The Titans are lucky they haven’t lost more coaches than OC Arthur Smith (head coach of the Falcons) and DC Dean Pees (retirement… briefly). But replacing Smith now means the surprising Titan offense will have its third offensive coordinator in four seasons. And very clearly HC Mike Vrabel bit off more than he could chew when trying to double as the team’s defensive coordinator in 2020 following Pees’ retirement.
To fill the empty coordinator spots, Vrabel promoted TE coach Todd Downing to OC, and OLB coach Shane Bowen to DC.
Downing is young, just 40, but he’s been around the block more than once. He’s coached or been in a front office in the NFL since 2001, with his most prominent work as a quarterbacks coach, but he had one season as the Raiders’ offensive coordinator in 2017, when Derek Carr was coming off both a career year and a devastating injury. Carr regressed, Raiders coach Jack Del Rio was fired, and Downing has spent the last three years as a tight ends coach, both with the Vikings (2018) and Titans (2019-2020).

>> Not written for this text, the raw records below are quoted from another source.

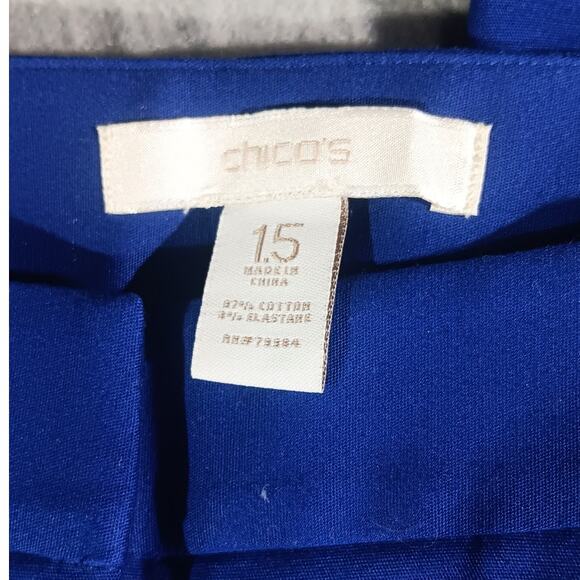 Chico’s 1.5 Blue Ankle Pants Women’s 10–12 Stretch Cotton Slim Fit Career Work - Picture 4 of 5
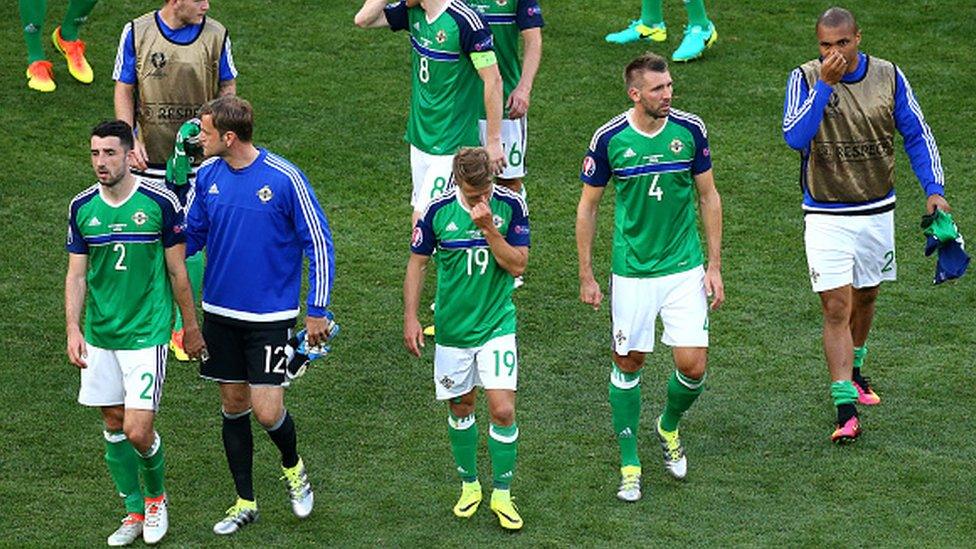 Northern Ireland's players react at the end of the 1-0 defeat to Poland at Euro 2016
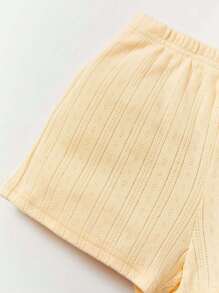 Cozy Pixies Baby Girl Solid Textured Tee & Shorts For Summer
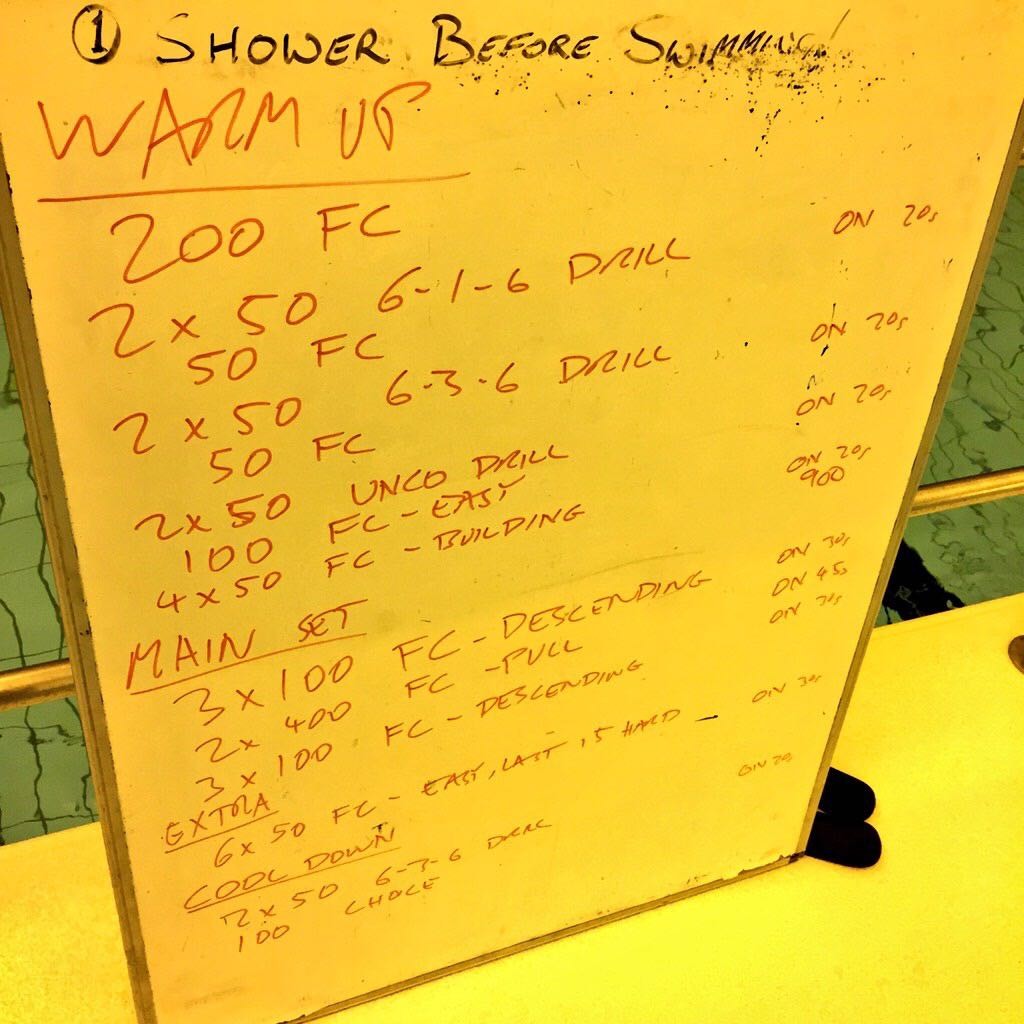 Weekly Swim Sets: Thursday, 5th February 2015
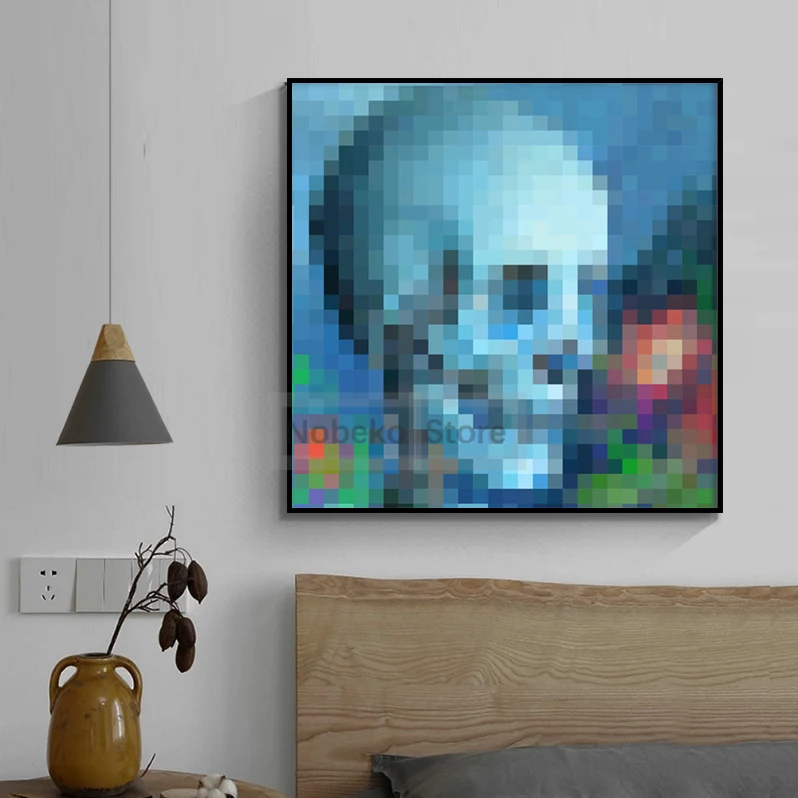 الكلاسيكية كتلة بكسل لعبة MC لوحات معلقة المشارك لوحات في اللعبة يطبع قماش صور فنية للجدران ديكور غرفة المنزل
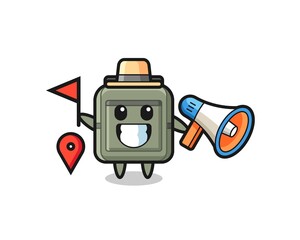 Character cartoon of school bag as a tour guide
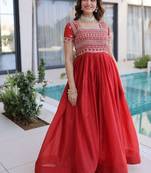 Red zari & sequins embroidered work silk blend stitched kurta gown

Curiously, this is the second consecutive time the Titans have promoted their TE coach to offensive coordinator. I think that speaks to how the Titans still want to play football — they want to build everything around RB Derrick Henry and the zone run game, with play action being a huge focus for QB Ryan Tannehill.

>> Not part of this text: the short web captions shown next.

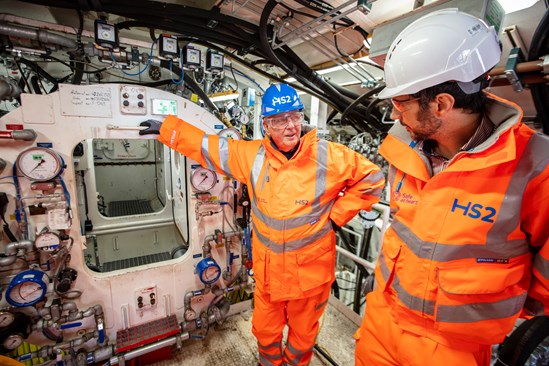 Pete Waterman during a tour of the Long Itchington Wood Tunnel TBM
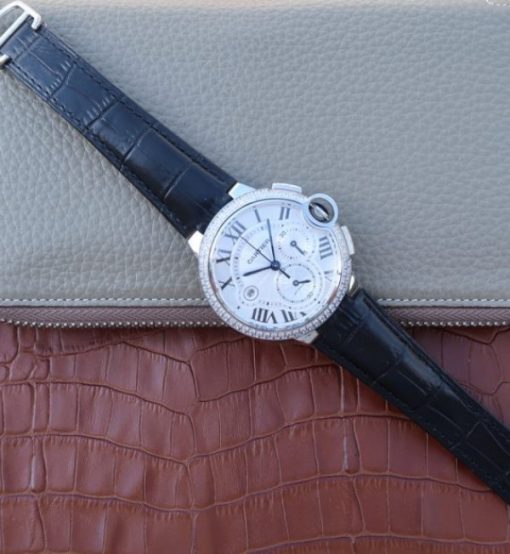 Replica Cartier Ballon Bleu De Cartier Chrono SS White Dial Diamonds Bezel A8101 - Image 8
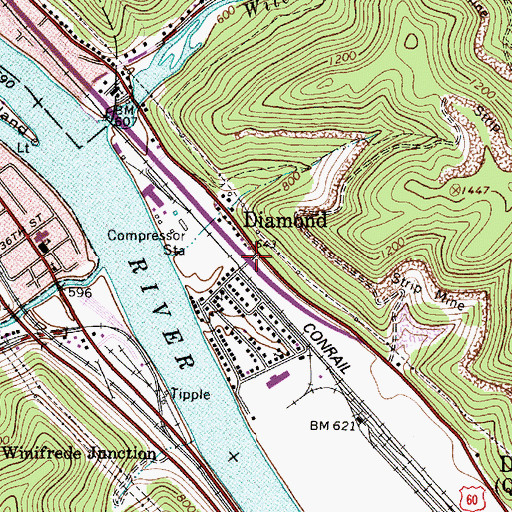 Topographic Map of Diamond, WV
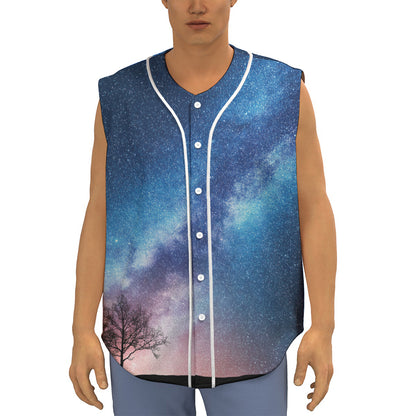 Night Sky Milky Way Print Sleeveless Baseball Jersey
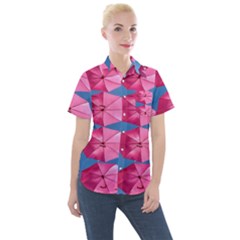 Pink Umbrella Women s Short Sleeve Pocket Shirt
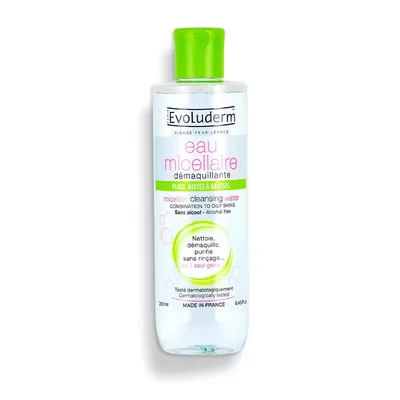 Apa micelara pentru demachierea tenului mixt spre gras, 500ml, Evoluderm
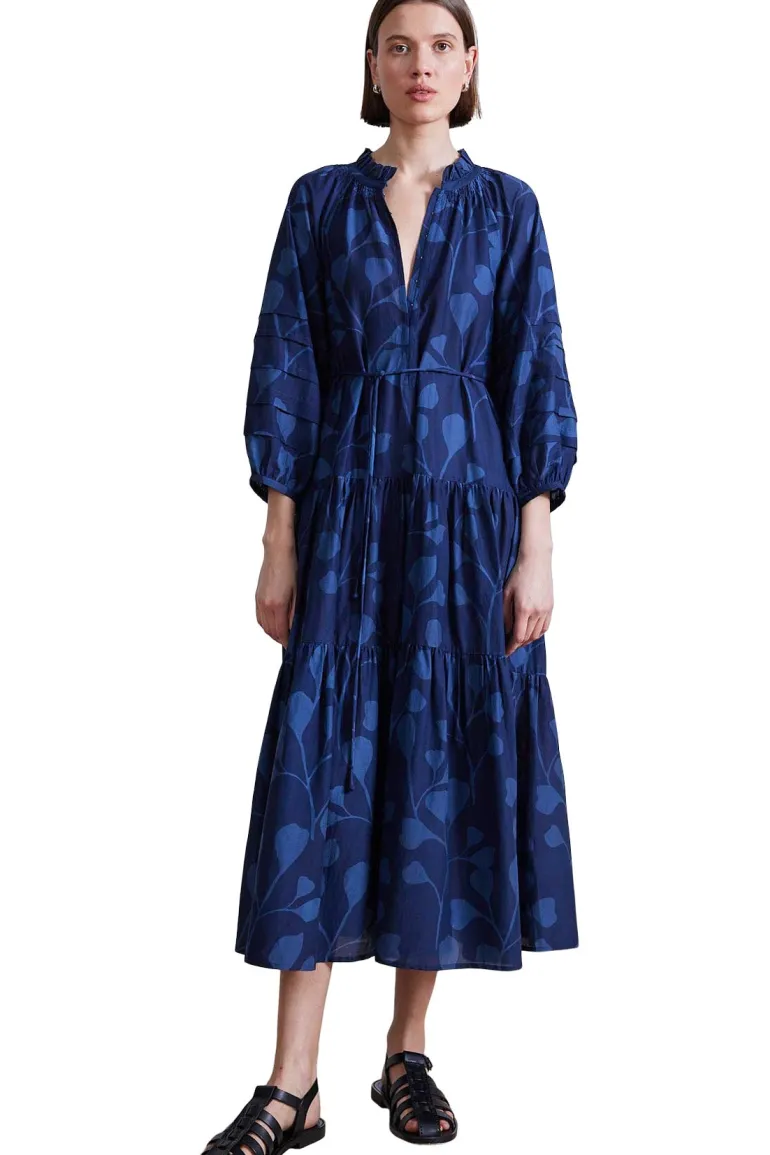 Apiece Apart Trinidad Maxi Dress in Indigo Trellis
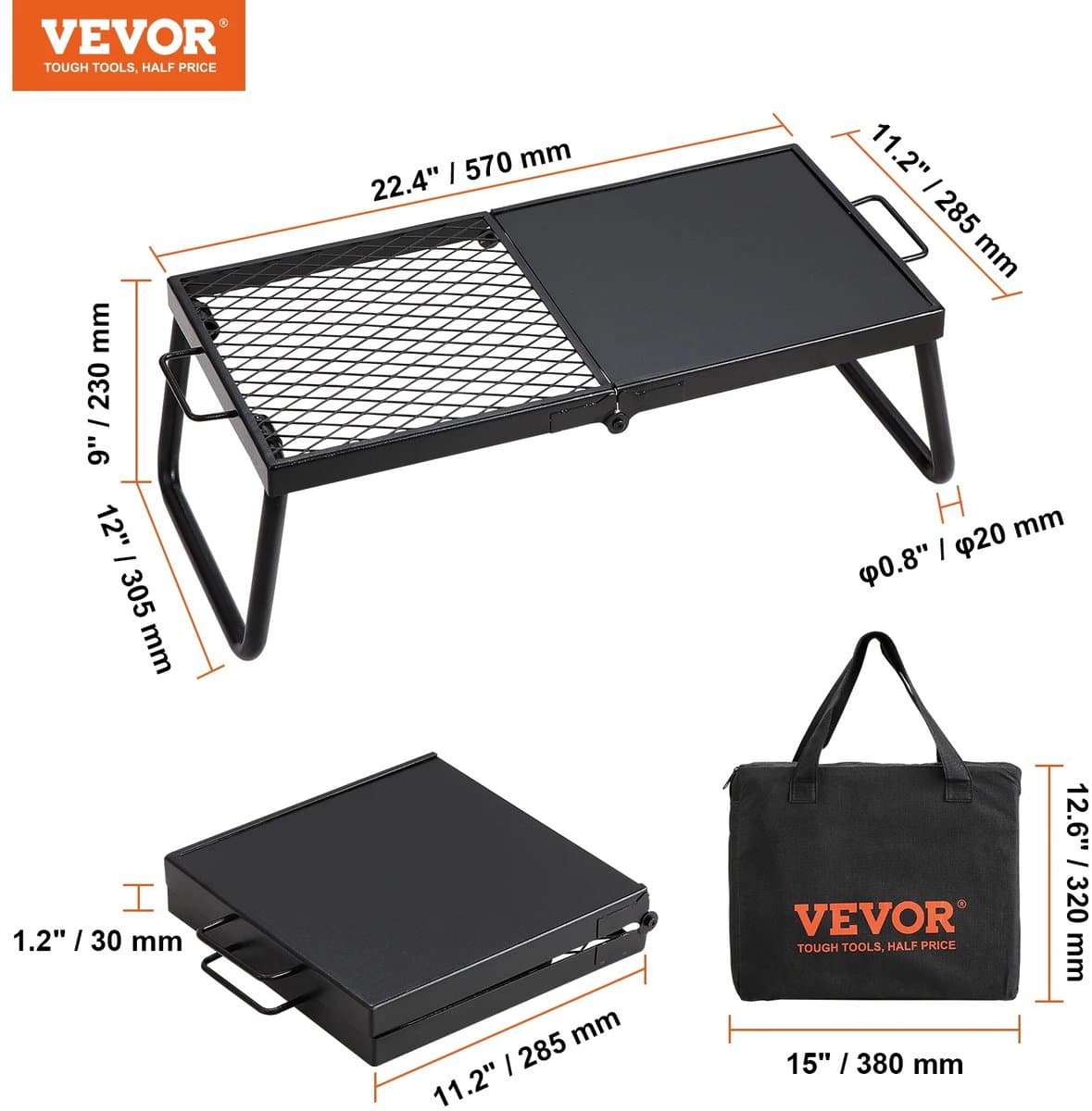 Mila Shop - Barbecue - Buiten koken - Grillen - Rek - Kampvuurgrill - Camping grill - Strand - Picknick - Zwart — afbeelding 1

I’m generalizing a bit here, but I would think the average fan expects a QB coach to be the first in line to get an offensive coordinator job if the club wants to promote from within. Despite the Titans still having QB coach Pat O’Hara in their employ, they chose to promote Downing. That interests me because coaching tight ends requires the coach to have an excellent grasp on both passing concepts and run-game blocking schemes, and they’re so intrinsically married in the Titans’ offense, even more so than in the average NFL offense. The thinking here from Vrabel is that Downing will provide continuity. Vrabel referred to “the core system” as one of the reasons Downing was promoted, so I wouldn’t expect a whole lot of changes.
As for Bowen, Titan fans are underwhelmed by his promotion, to say the least. While Vrabel was officially his own defensive coordinator, Bowen was regarded as the guy under Vrabel who had the most control over the defense.

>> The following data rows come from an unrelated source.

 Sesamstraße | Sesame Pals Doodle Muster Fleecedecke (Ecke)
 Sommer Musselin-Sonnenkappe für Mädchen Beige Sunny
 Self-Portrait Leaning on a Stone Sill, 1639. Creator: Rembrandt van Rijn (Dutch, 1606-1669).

The Titans fell from 8th in defensive yards and 3rd in scoring in 2018 to 21st in yards and 12th in scoring in 2019, then Pees retired. In 2020, the Titans were a disaster defensively, finishing 28th in yards allowed and 24th in points allowed. The dropoff from 2019 to 2020 was even more stark by FootballOutsiders DVOA, as they fell from 18th to 29th.
The Titans are clearly hoping that injuries were a big factor in their defense completely underwhelming in 2020, and Bowen’s promotion suggests they don’t believe it was on him.
Obviously, the hope is there isn’t much impact at all on the Titans’ very narrow but very talented fantasy roster. With WR Corey Davis a free agent, this offense is currently built around Henry, Tannehill, and WR AJ Brown with some talented tight ends thrown in.
The pessimist’s take is that Downing might just run a watered-down version of Smith’s offense. That’s concerning, because while Tennessee’s offense is hyper efficient, it’s also hyper efficient in ways that most NFL teams aren’t — only the Ravens, with perhaps the best running QB in the history of the game, have run the ball more than the Titans over the last two seasons (and again, this was with Tennessee struggling defensively). So while Downing will run the same system, as Vrabel said, will he be able to tap into the sequencing and creativity that Smith exhibited?
At the least, our analysis with Downing’s offense will be simple: we expect the offense to look the same, but we can’t simply assume it will be as effective. I’m hard-pressed to think it could be more effective given Smith coached the NFL’s #6 and #4 offenses by DVOA the last two seasons.